Zwischendurch ein Dank …

… an den Leser Andreas K., der den Jungs eine CD vom Wunschzettel geschickt hat. Der kleine Drache Kokosnuss – ich hätte ja gedacht, aus dem Alter sind sie raus, aber das mögen sie tatsächlich beide noch, die Herzdame war da besser informiert. Man schätzt eben nicht immer richtig. Herzlichen Dank!

Beifang vom 06.01.2017

Ein Interview mit Reinhold Messner. Wird einige vielleicht inhaltlich überraschen.

Im vegetarischen Foodblog Kraut-Kopf gibt es nicht nur besonders schöne Bilder, es gibt auch (oben im Menü) einen Link zur Rezepte-App, die man für ziemlich kleines Geld erwerben kann. Aus dieser App habe ich das Winterrezept Bombay-Kartoffeln gemacht, das ist eine sehr feine Sache. Bratkartoffeln indisch, warum auch nicht.

Paolo Conte zum Geburtstag, der Herr ist jetzt 80 Jahre alt. Mein Lieblingsstück von ihm ist “Max”, das mich sozusagen direkt anspricht. Der Text ist kryptisch, aber das macht ja nichts.

Die Herzdame und ich waren gestern im Theater, und seltsamerweise war es kein Kinderstück. Um uns den Umstieg nach all den Jahren einigermaßen leicht zu machen, haben wir aber ein betont lustiges Stück ausgesucht, in dem die Schauspieler gelegentlich aus ihren Rollen ausbrechen und außerdem ab und zu völlig unvermittelt Musik gemacht wird, das kam uns also ganz vertraut vor. Falk Schreiber hat das Stück hier äußerst treffend rezensiert.

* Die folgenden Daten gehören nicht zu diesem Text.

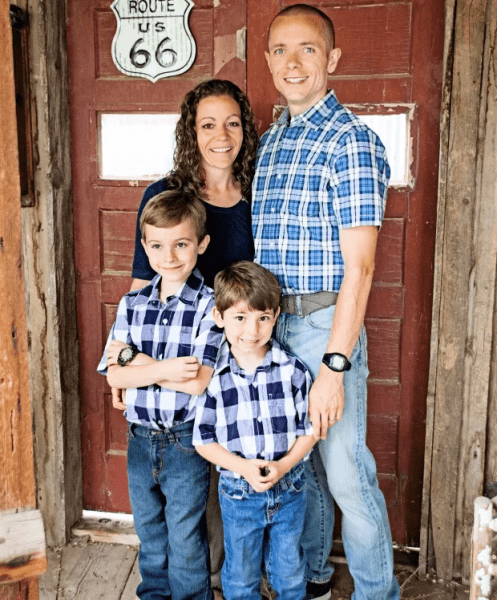 Семейството направило ДНК тест Семейство направи ДНК тест, седем, съпруг и съпруга, майка и син, биологичен баща, чужд син, грешка в клиниката, грешка на лекарите, друго семейство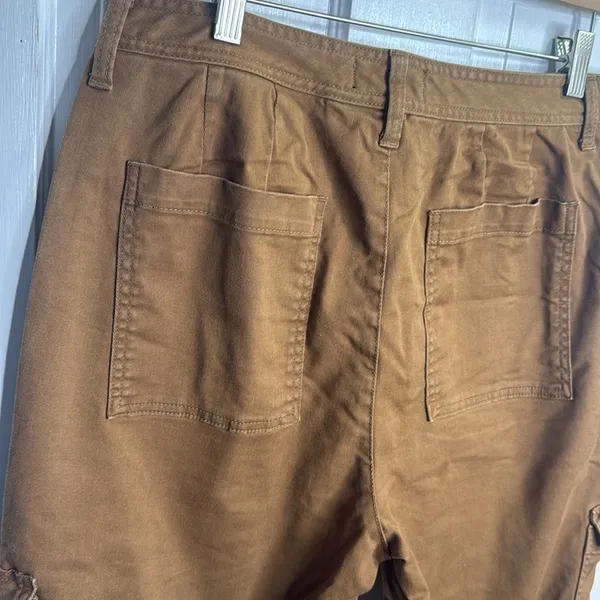 Banana Republic High-Rise Cargo Pant in Camel W1126 Sz 10 - Image 7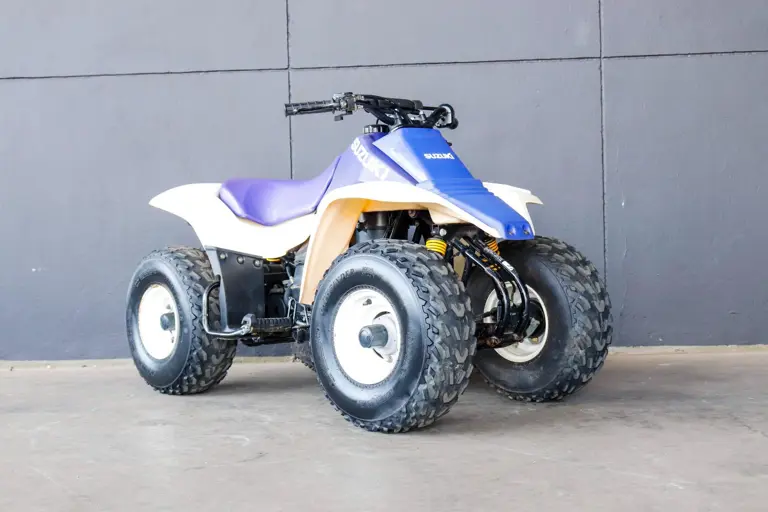 Suzuki LT80 2000 SUZUKI LT80 2000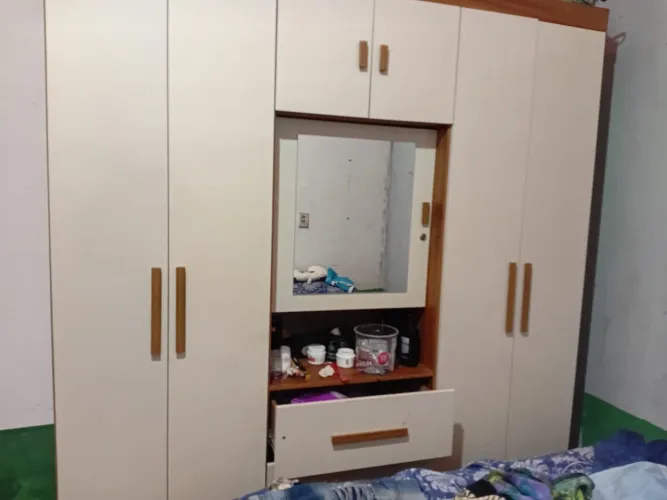 Vendo guarda roupa 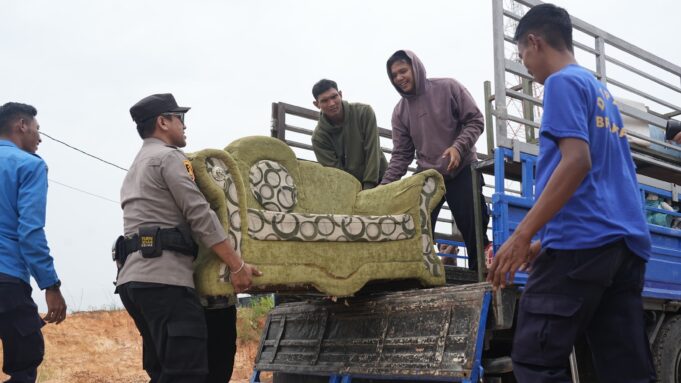 Update Pergeseran Warga Rempang, 125 KK Tempati Rumah Baru di Tanjung Banon BP Batam kembali memfasilitasi pergeseran dua Kepala Keluarga (KK) terdampak pengembangan Rempang Eco-City ke rumah baru Tanjung Banon secara bertahap dan humanis, Selasa (15/7/2025).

Wir hatten eine feinen Abend und die Herzdame war nur ganz knapp nicht die Jüngste im ganzen Theater. Auch erstaunlich.

Noch eine musikalische Entdeckung mit bemerkenswertem Lebenslauf: Mary Gauthier. “I drink.” Aber auch einige andere Titel von ihr sind unbedingt hörenswert, etwa “Falling out of love” oder “Mercy now”. Alle sind bei Spotify verfügbar.